DATA FOR ANALYSIS section start

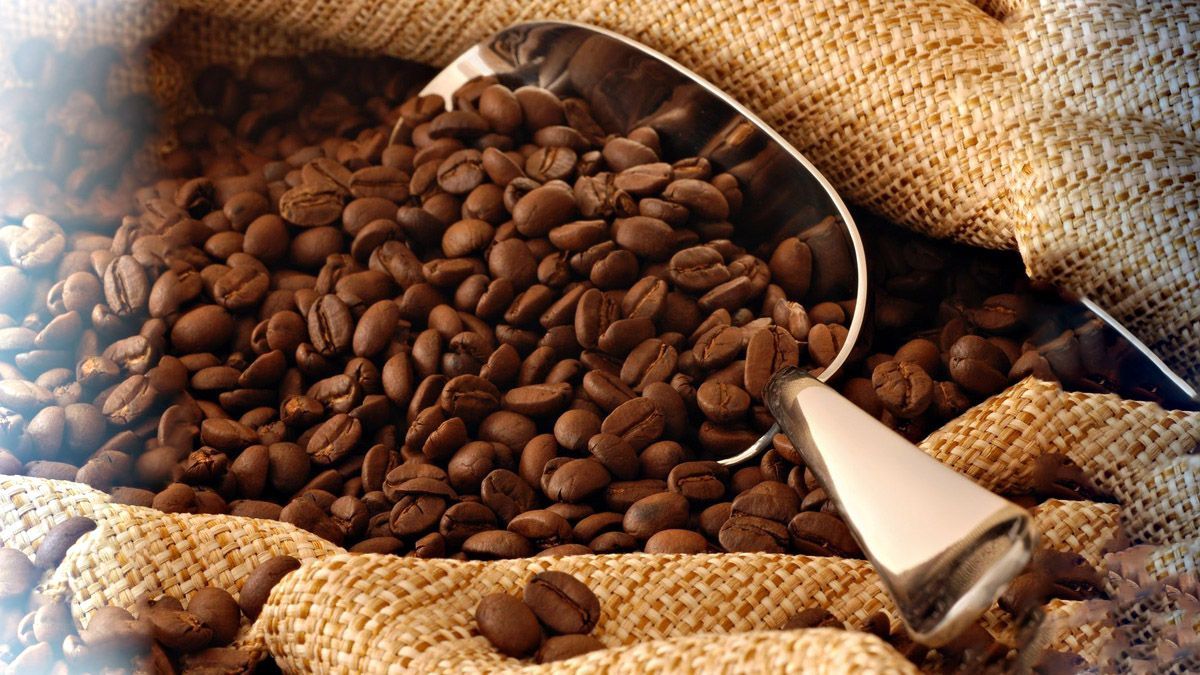 "Найкавовіша" країна світу вперше купуватиме каву за кордоном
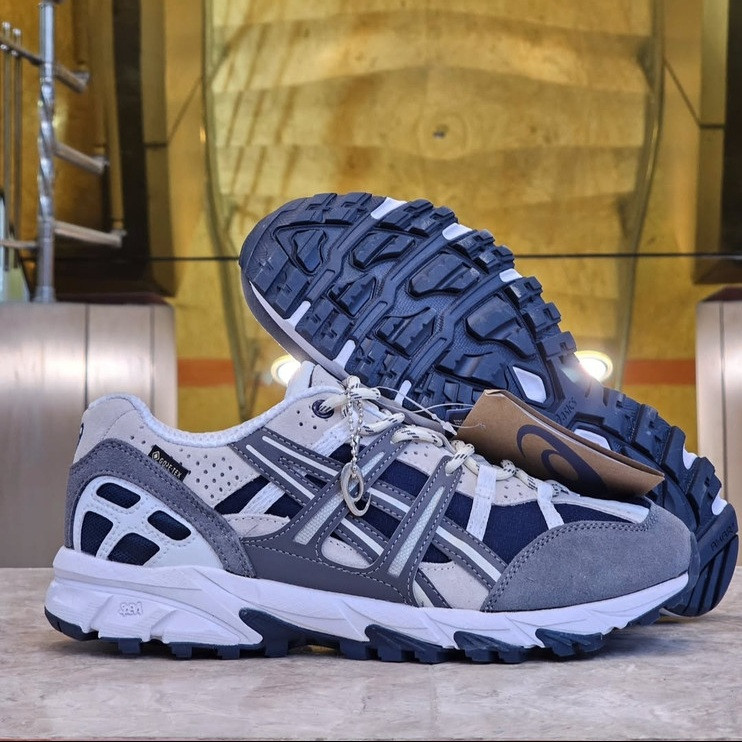 کتونی ویتنامی اسیکس ژل سونوما ۱۵ سایز ۴۰ تا ۴۵ فروش بصورت عمده و تک . Asics gel_ sonoma se Vietnam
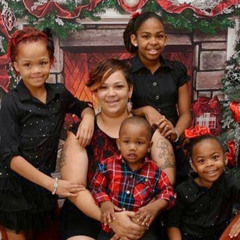 Daphne Luvsomenails Moss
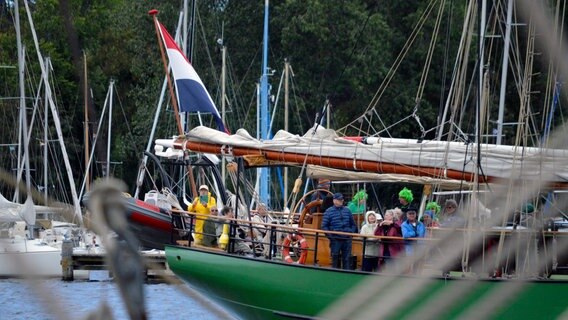Der Kapitän und die Mitsegler auf der niederländischen "Avatar" beim Einlaufen in den Stadthafen bei der 32. Hanse Sail. © NDR Foto: Laureen Zielke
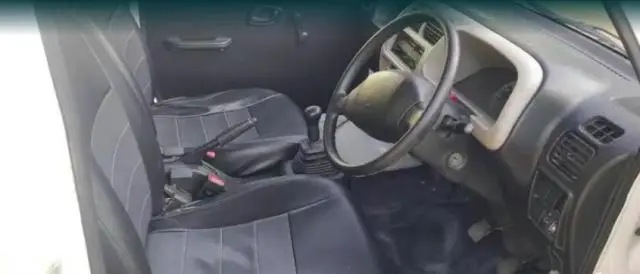 Maruti Suzuki Eeco 5 STR With A/C+HTR 2017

DATA FOR ANALYSIS section end

§ WHAT IS EXPECTED
The entries above should be given again exactly, minus any pictures.

§ ANSWER TO THIS PROBLEM
 "Найкавовіша" країна світу вперше купуватиме каву за кордоном
 کتونی ویتنامی اسیکس ژل سونوما ۱۵ سایز ۴۰ تا ۴۵ فروش بصورت عمده و تک . Asics gel_ sonoma se Vietnam
 Daphne Luvsomenails Moss
Der Kapitän und die Mitsegler auf der niederländischen "Avatar" beim Einlaufen in den Stadthafen bei der 32. Hanse Sail. © NDR Foto: Laureen Zielke
 Maruti Suzuki Eeco 5 STR With A/C+HTR 2017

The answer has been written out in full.